Se há coisa pela qual sou grata é ter uma boa memória que permita que não me esqueça das pessoas e de todas as situações em que me senti um farrapo e elas me abriram a boca para me enfiar comida lá dentro.
Hoje, e avaliando certas situações reconheço um dramatismo exagerado, mas na altura quem é que nos convence do contrário? E com ou sem dramatismo, o que é certo é que há pessoas na minha vida que sempre que eu precise de alguma coisa (seja de um cigarro, de dois dedos de conversa, de um antibiótico ou de comida pela goela abaixo) estão lá. Saem de casa e tocam à campainha. Mexem-se. E não me fazem sentir sozinha.

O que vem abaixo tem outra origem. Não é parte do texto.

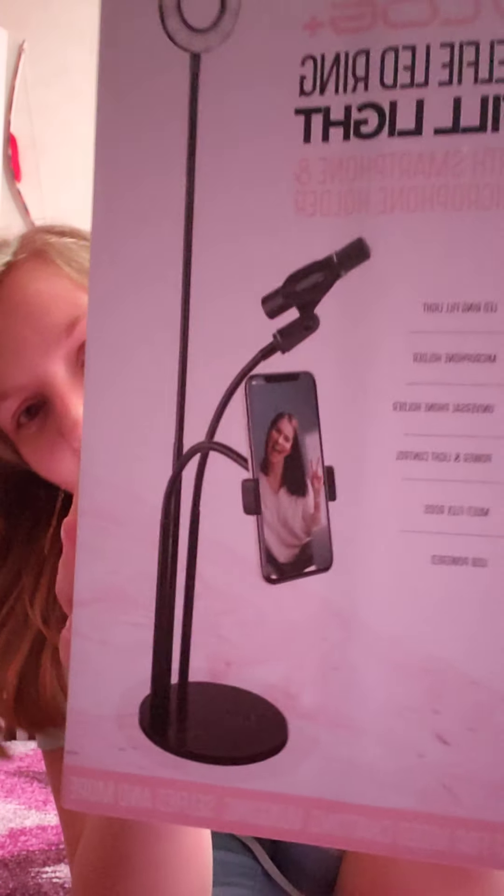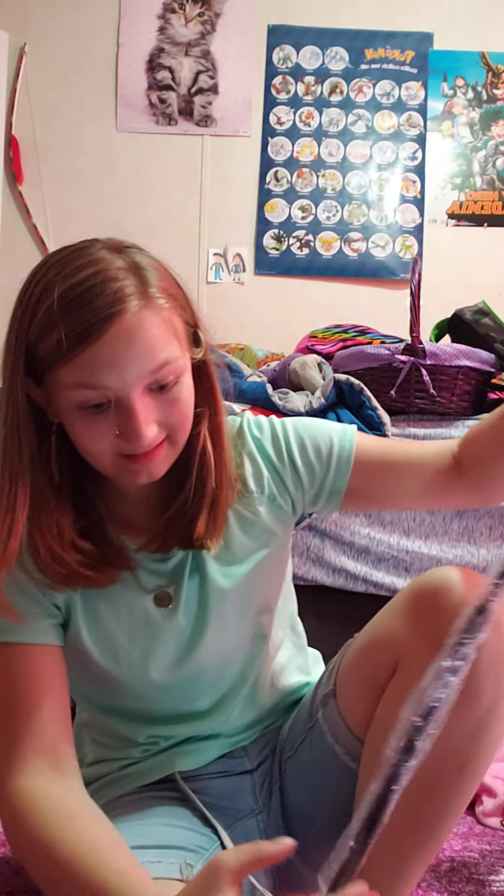What's up guys? So today I got this thing which is supposed to be like a setup holder thing, and it came with a bunch of pieces but no instructions. I thought, what's better than putting this thing together with no instructions? Putting it together without instructions on camera.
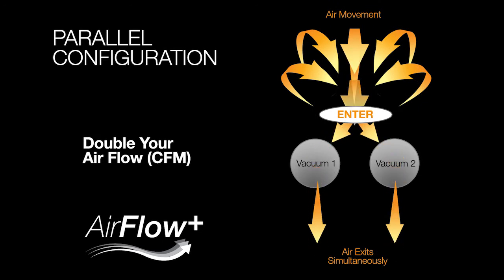On the other hand, an air parallel configuration is where air is pulled into your two vacuum motors simultaneously and separately. In other words, the incoming air stream is split in two and your air enters only one vacuum motor instead of two like in series. This setup doubles your airflow when compared to a series setup.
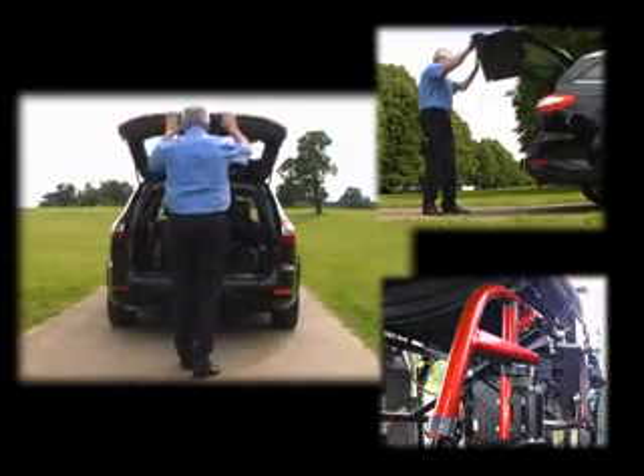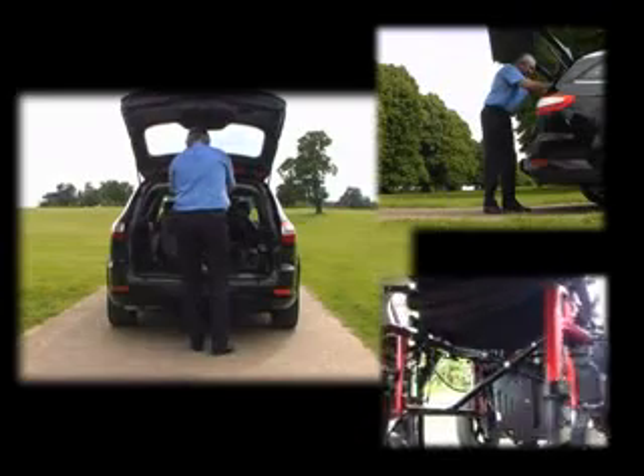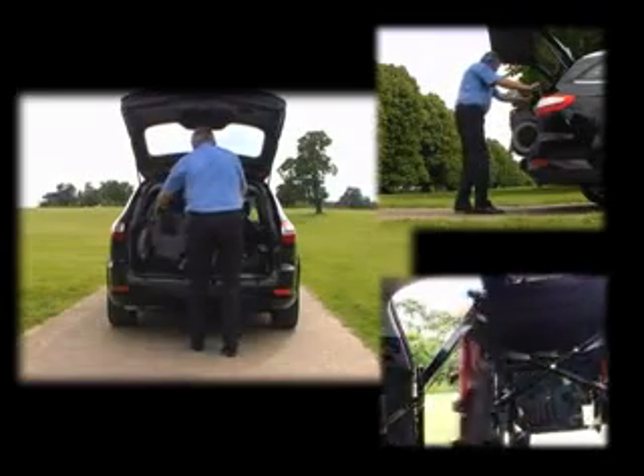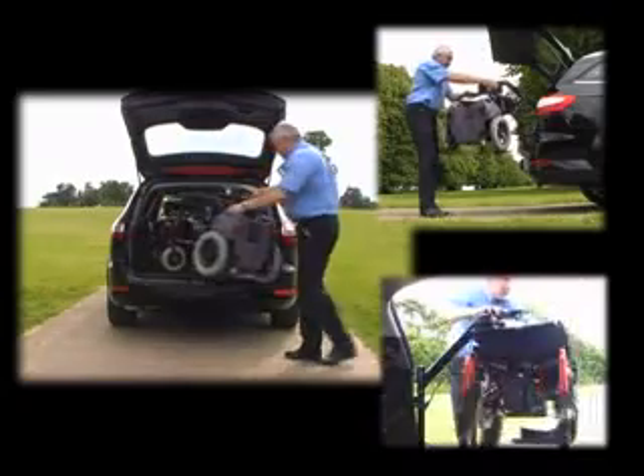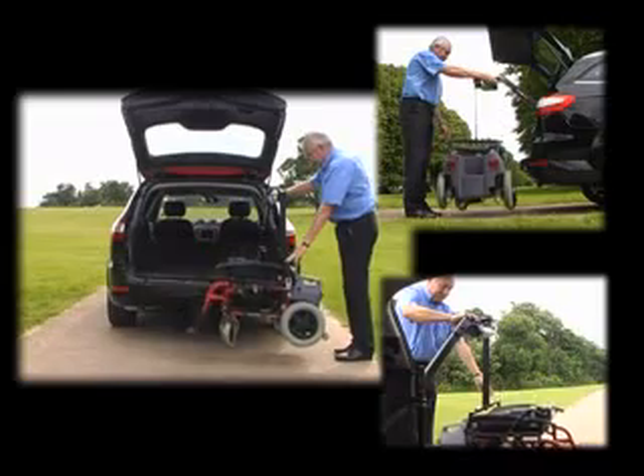This very reliable and competitively priced hoist can be used to lift scooters and motorised or manual wheelchairs of up to 75kg in weight into the back of most vehicles, including MPVs, hatchbacks, estates and some saloons.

E isto é daquelas coisas que não se pode esquecer, em nenhum situação. Sobretudo porque muitas vezes estas atitudes veem de quem nós menos esperamos. As pessoas mais improváveis são aquelas que, inesperadamente nos surpreendem, nos ajudam e nos levantam. Gosto cada vez mais das pessoas improváveis. Vão ganhando espaço em mim, dentro de mim.
E pondo tudo e tanta coisa em perspectiva, onde estavam em certas alturas, as pessoas mais prováveis?